Since the court ruling, hundreds of non-governmental organizations, social movements, religious leaders and politicians have expressed solidarity with CDD, claiming that such a decision reinforced “fundamentalism” in Brazil and that the Judiciary shouldn’t interfere with religious matters.
In an article published on the Brazilian newspaper Folha de S. Paulo, the Dominican priest Frei Betto, a leading figure in the Latin American Liberation Theology, asked if the Brazilian society “returned to Inquisition.”
“The judicial ruling is wrongful. First of all, it’s not up to the civil Judiciary to determine who can or who can’t be considered Catholic. This would be the responsibility of the ecclesiastical institution, but it doesn’t get to such a frontier. The canonical law admits that a Catholic be excluded from the Church for professing, for example, apostasy. Even so, nothing impedes that he keeps considering himself to be Catholic,” Betto said.
According to Pedro Affonseca, Centro Dom Bosco’s president, the petition had been made in 2018, after CDD attended public hearings in the Brazilian Supreme Court during proceedings related to a project for the depenalization of abortion.
“We realized that such association passed as a representant of a part of the Catholic followers, something that’s simply false and inconsistent with the association’s finality, which is the depenalization of a very serious sin such as abortion,” he told Crux.
Affonseca called the criticisms on Centro Dom Bosco’s petition “unfounded and ridiculous.”
“We never intended to define what can be called ‘Catholic’ or not, but obviously, as Catholics, we obey the definition established by the Holy Catholic Church 2,000 years ago. Abortion Is defined by the Holy Catholic Church as a very serious sin against the Fifth Commandment of God’s law, under penalty of excommunication,” he said.
“A Catholic can’t be favorable to the depenalization of abortion, under penalty of not being Catholic,” he continued.
Affonseca said that he hopes that Catholics from other countries, either individually or gathered in associations, petition against the use of “Catholic” in the name of the associations that are part of the CDD’s network.

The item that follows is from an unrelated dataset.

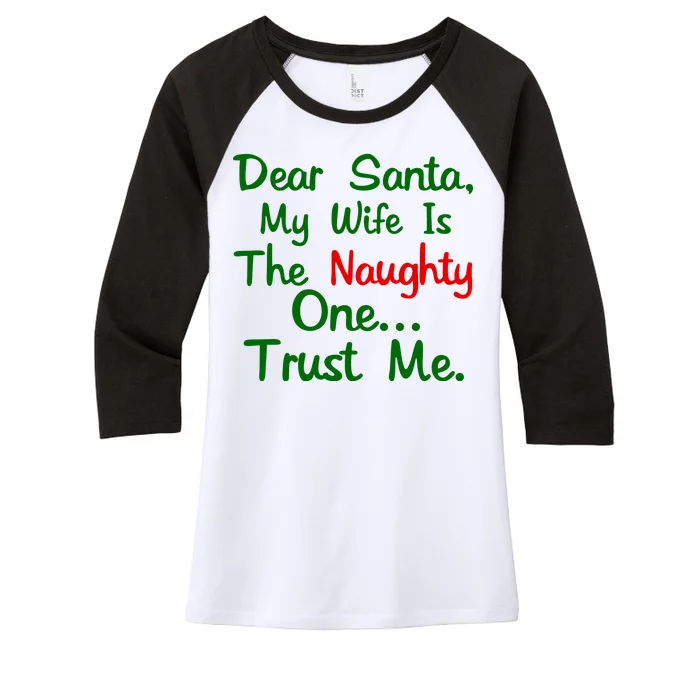 Dear Santa Naughty Wife Women's Tri-Blend 3/4-Sleeve Raglan Shirt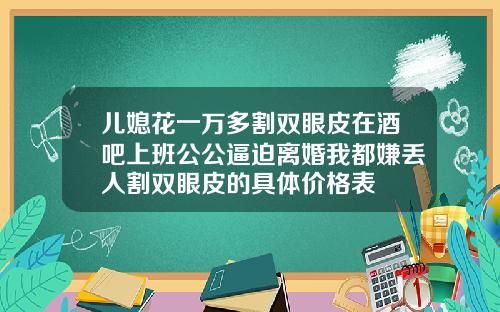 儿媳花一万多割双眼皮在酒吧上班公公逼迫离婚我都嫌丢人割双眼皮的具体价格表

Regina Jurkewicz, a member of CDD’s institutional board, said the group is surprised by the judicial decision and intends to appeal it.
“It’s a lay state. It’s not up to the state to decide such things,” she told Crux.
According to Jurkewicz, who holds a Ph.D in Religious Studies, “being Catholic means being universal” and there’s a multiplicity of theologies and ideas in the Church.
“There are Liberation theologies, black theologies, feminist theologies, and so on. Not even the Church has ever declared who’s Catholic and who isn’t in such a scenario. The right path is dialogue and not extinction,” she said.
Jurkewicz admitted that the group advocates the women’s access to legal abortion in Brazil.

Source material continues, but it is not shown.